Dumping the Nagle algorithm (by setting TCP_NODELAY) almost always makes sense and should be enabled by default.
I’ll be nice and not attack the feature. But making that the default is one of the biggest mistakes in the history of networking (second only to TCP’s boneheaded congestion control that was designed imagining 56kbit links)
Unless you have some kind of special circumstance you can leverage it's hard to beat TCP. You would not be the first to try.
The fundamental congestion control issue is that after you drop to half, the window is increased by /one packet/, which for all sorts of artificial reasons is about 1500 bytes. Which means the performance gets worse and worse the greater the bandwidth-delay product (which have increased by tens of orders of magnitude). Not to mention head-of-line blocking etc.
The reason for QUIC's silent success was the brilliant move of sidestepping the political quagmire around TCP congestion control, so they could solve the problems in peace
QUIC is real and works great, and they sidestepped all of that and just built it and tuned it and has basically won. As for QUIC "sending more parts of the page in parallel" yes thats what I referred to re head of line blocking in TCP.
Unlike TLS over TCP, QUIC is still not able to be offloaded to NICs. And most stacks are in userspace. So it is horrifically expensive in terms of watts/byte or cycles/byte sent for a CDN workload (something like 8x as a expensive the last time I looked), and its primarily used and advocated for by people who have metrics for latency, but not server side costs.

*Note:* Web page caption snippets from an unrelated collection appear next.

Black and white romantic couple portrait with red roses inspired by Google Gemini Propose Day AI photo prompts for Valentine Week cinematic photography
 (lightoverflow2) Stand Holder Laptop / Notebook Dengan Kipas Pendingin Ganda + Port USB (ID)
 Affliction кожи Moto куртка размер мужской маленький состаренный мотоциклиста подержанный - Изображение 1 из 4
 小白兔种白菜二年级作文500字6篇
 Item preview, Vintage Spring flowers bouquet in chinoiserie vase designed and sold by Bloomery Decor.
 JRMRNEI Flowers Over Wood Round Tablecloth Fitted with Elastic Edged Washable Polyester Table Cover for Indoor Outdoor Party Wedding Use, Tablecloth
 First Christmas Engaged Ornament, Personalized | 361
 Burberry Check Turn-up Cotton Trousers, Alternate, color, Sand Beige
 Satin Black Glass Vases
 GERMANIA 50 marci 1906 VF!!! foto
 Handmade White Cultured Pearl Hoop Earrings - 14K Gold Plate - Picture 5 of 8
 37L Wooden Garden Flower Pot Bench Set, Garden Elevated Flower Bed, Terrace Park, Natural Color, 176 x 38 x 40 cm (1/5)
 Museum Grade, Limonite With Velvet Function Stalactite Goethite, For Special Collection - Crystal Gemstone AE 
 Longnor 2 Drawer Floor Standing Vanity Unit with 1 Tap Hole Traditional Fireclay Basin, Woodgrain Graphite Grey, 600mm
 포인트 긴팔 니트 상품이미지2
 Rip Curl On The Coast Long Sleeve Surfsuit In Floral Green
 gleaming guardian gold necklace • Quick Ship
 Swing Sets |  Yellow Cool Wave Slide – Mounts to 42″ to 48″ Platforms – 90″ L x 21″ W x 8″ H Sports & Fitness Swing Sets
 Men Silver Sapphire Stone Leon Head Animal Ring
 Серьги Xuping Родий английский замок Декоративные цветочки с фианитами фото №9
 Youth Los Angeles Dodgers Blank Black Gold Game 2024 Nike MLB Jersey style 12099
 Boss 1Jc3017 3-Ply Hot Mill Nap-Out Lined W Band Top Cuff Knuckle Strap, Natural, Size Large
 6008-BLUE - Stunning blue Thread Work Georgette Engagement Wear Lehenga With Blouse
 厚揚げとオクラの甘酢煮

That's not quite true. You can offload QUIC connection steering just fine, as long as your NICs can do hardware encryption. It's actually _easier_ because you can never get a QUIC datagram split across multiple physical packets (barring the IP-level fragmentation).
The only real difference from TCP is the encryption for ACKs.
Some NICs, like Broadcom's newer ones, support crypto offloads, but this is not enough to be competitive with TCP / TLS. Especially since support for those offloads are not in any mainline kernel in Linux or BSD.
What would you change here?
Upgraded our DC switches to new ones around 2014 and needed to keep a few old ones because the new ones didn't support 10Mbit half duplex.
One co-op job at a manufacturing plant I worked at ~20 years ago involved replacing the backend core networking equipment with more modern ethernet kit, but we had to setup media converters (in that case token ring to ethernet) as close as possible to the manufacturing equipment (so that token ring only ran between the equipment and the media converter for a few meters at most).
They were "lucky" in that:
1) the networking protocol that was supported by the manufacturing equipment was IPX/SPX, so at least that worked cleanly on ethernet and newer upstream control software running on an OS (HP-UX at the time)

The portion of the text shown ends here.